- Problem requirements: Without the pictures, write the listing out again exactly as it appears.

- Given data:
================================

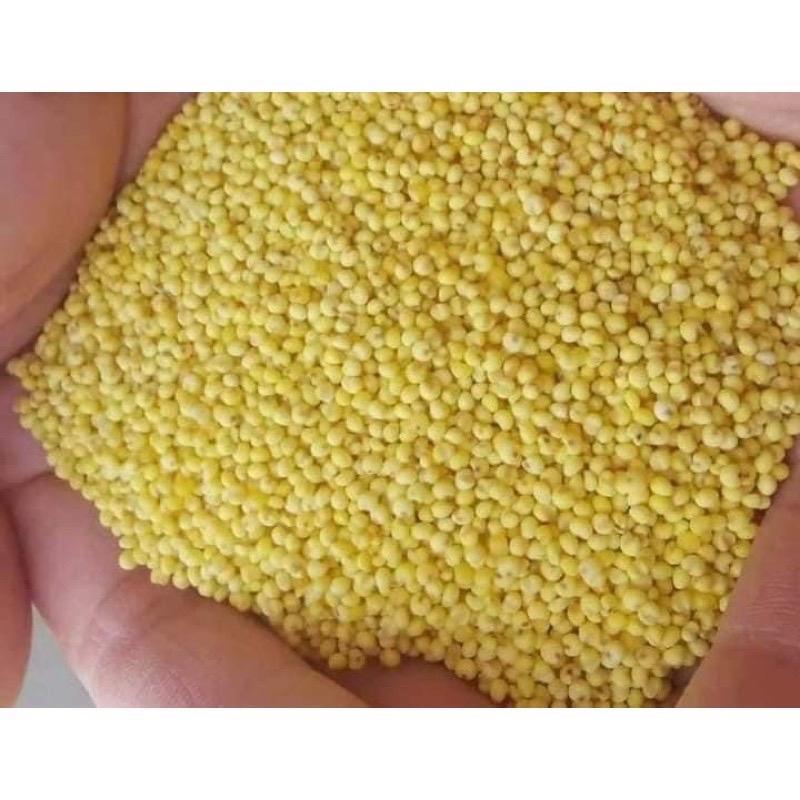 1kg Hạt kê nếp vàng Nghệ An (tách vỏ) Food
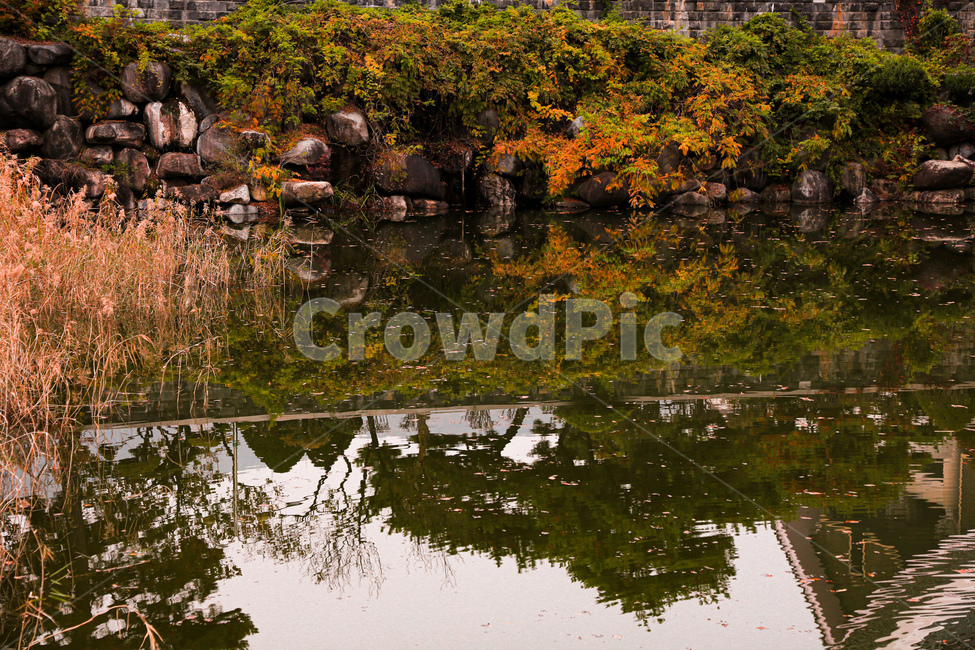 water,outdoors,자연,land,물,가을,계절,fall,autumn,season,자연,풍경,nature,landscape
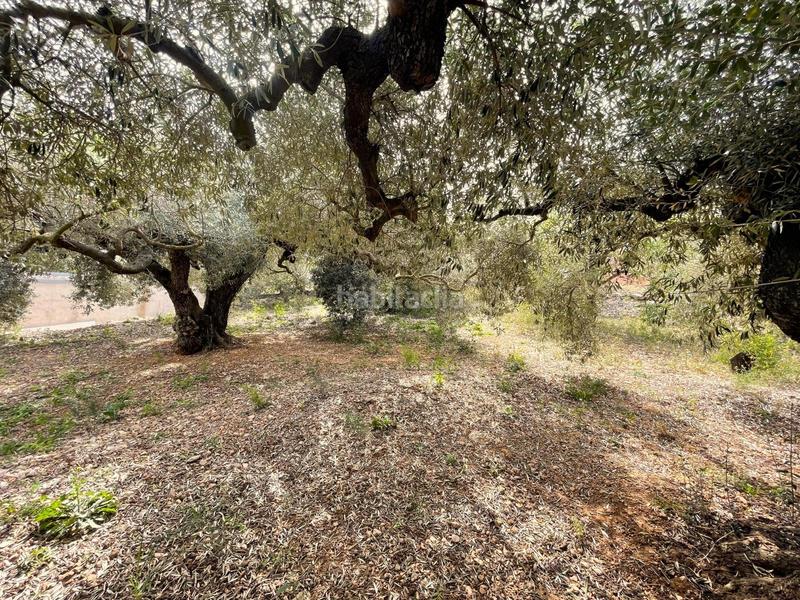 Foto bde69854-5f32-418c-9995-f9a670bed57c. Finca rústica  en Mas de Barberans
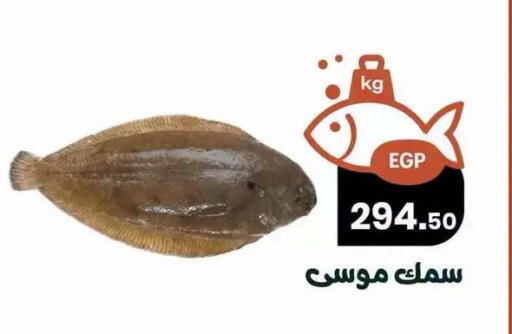 available at Arafa  in Egypt - Cairo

================================

- Result of the exercise:
 1kg Hạt kê nếp vàng Nghệ An (tách vỏ) Food
 water,outdoors,자연,land,물,가을,계절,fall,autumn,season,자연,풍경,nature,landscape
 Foto bde69854-5f32-418c-9995-f9a670bed57c. Finca rústica  en Mas de Barberans
 available at Arafa  in Egypt - Cairo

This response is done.